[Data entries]
____________________

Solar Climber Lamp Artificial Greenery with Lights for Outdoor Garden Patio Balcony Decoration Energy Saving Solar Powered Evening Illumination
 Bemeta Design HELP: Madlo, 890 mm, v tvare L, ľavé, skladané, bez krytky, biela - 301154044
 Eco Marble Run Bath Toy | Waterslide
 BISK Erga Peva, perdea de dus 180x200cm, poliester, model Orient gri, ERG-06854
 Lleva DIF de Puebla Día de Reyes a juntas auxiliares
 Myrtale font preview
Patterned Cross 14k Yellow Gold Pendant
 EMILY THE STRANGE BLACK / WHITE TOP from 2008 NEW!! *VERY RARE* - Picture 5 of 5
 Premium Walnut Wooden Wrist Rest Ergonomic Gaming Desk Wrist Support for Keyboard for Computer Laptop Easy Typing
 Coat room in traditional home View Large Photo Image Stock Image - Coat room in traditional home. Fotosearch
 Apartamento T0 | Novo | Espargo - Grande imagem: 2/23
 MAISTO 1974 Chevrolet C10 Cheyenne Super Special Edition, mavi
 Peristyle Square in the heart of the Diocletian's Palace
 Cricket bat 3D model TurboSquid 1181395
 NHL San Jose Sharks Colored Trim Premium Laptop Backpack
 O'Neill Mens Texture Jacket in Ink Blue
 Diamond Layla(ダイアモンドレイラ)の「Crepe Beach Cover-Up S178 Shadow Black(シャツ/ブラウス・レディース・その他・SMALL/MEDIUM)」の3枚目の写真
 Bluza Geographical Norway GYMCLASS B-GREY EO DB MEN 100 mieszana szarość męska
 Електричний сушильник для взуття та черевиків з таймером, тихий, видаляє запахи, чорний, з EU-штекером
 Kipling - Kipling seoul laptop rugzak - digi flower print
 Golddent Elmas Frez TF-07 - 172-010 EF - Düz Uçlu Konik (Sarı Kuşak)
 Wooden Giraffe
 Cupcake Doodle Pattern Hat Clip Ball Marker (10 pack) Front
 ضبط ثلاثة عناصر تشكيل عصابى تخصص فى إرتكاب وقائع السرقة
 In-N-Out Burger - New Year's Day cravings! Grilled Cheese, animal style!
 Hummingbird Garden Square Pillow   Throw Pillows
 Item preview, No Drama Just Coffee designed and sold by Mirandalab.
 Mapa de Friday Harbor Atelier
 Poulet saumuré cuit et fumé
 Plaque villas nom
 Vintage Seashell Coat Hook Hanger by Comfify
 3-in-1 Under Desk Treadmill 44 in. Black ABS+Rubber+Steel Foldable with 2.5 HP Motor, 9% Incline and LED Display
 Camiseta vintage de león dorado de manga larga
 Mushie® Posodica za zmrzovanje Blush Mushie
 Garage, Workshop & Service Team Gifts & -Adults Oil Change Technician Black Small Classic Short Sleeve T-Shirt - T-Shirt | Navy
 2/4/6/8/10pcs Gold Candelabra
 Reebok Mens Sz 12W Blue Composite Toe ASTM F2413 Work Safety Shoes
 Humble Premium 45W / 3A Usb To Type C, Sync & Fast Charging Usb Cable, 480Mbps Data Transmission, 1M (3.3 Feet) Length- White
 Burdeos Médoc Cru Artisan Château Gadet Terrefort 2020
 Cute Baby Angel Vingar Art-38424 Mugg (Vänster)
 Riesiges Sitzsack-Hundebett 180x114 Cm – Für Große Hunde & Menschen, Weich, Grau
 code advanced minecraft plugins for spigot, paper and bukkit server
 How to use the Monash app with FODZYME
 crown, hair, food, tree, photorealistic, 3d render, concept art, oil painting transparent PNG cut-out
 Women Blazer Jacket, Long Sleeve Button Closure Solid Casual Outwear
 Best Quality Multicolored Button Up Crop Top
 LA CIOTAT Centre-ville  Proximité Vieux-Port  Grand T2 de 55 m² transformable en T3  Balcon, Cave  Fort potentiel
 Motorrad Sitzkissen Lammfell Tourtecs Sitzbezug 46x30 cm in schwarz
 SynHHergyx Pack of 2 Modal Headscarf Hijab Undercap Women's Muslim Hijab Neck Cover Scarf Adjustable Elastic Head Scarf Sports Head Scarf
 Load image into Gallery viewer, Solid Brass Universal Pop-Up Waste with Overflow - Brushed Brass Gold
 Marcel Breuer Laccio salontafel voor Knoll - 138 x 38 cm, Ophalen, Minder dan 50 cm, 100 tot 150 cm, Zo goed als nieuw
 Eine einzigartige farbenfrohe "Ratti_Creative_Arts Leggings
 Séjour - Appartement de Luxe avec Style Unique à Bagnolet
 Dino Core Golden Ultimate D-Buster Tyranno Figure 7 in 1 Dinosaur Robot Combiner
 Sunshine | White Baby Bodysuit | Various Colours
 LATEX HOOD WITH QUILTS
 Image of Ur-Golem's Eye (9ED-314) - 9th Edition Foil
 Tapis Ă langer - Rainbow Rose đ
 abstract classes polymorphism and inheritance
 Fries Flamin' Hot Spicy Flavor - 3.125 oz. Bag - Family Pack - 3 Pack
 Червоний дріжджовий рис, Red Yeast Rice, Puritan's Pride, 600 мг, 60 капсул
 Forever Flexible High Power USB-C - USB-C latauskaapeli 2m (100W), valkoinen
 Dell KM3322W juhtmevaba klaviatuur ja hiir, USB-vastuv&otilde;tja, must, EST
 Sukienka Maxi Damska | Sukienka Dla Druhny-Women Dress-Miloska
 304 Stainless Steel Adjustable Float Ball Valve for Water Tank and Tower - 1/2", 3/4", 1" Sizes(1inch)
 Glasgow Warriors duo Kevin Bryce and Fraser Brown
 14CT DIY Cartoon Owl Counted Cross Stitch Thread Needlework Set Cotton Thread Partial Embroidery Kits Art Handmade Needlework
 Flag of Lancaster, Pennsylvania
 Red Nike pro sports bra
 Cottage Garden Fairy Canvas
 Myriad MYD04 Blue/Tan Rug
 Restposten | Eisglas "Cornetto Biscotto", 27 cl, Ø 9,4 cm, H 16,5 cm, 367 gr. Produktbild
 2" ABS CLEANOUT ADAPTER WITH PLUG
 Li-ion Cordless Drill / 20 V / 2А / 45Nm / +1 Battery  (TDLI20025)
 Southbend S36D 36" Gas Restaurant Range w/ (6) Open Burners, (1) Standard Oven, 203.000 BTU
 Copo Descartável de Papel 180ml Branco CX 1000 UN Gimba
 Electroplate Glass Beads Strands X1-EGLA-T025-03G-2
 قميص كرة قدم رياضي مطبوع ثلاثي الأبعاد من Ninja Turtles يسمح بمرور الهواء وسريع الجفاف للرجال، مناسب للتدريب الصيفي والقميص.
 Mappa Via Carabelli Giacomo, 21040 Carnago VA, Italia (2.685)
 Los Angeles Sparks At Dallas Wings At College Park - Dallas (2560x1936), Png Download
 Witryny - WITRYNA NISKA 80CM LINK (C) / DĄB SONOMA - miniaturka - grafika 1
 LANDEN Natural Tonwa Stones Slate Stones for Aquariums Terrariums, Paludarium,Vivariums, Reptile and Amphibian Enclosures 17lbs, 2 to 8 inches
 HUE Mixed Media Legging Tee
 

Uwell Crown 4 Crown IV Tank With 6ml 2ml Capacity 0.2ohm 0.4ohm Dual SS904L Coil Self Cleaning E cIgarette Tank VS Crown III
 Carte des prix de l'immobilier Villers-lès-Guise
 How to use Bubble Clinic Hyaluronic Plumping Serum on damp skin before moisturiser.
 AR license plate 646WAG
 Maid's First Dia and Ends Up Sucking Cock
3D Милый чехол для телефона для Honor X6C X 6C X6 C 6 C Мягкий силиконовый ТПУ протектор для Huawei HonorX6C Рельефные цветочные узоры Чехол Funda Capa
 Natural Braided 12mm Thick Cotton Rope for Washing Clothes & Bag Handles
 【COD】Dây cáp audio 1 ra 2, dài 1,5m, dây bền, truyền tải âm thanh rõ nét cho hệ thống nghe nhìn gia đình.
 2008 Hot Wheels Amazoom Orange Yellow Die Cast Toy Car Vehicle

____________________

→ YOUR TASK:
Would you output the lines from the one that contains "nhìn gia đình." to the end of the data, both ends included, exactly as they appear?

→ FINAL ANSWER:
 【COD】Dây cáp audio 1 ra 2, dài 1,5m, dây bền, truyền tải âm thanh rõ nét cho hệ thống nghe nhìn gia đình.
 2008 Hot Wheels Amazoom Orange Yellow Die Cast Toy Car Vehicle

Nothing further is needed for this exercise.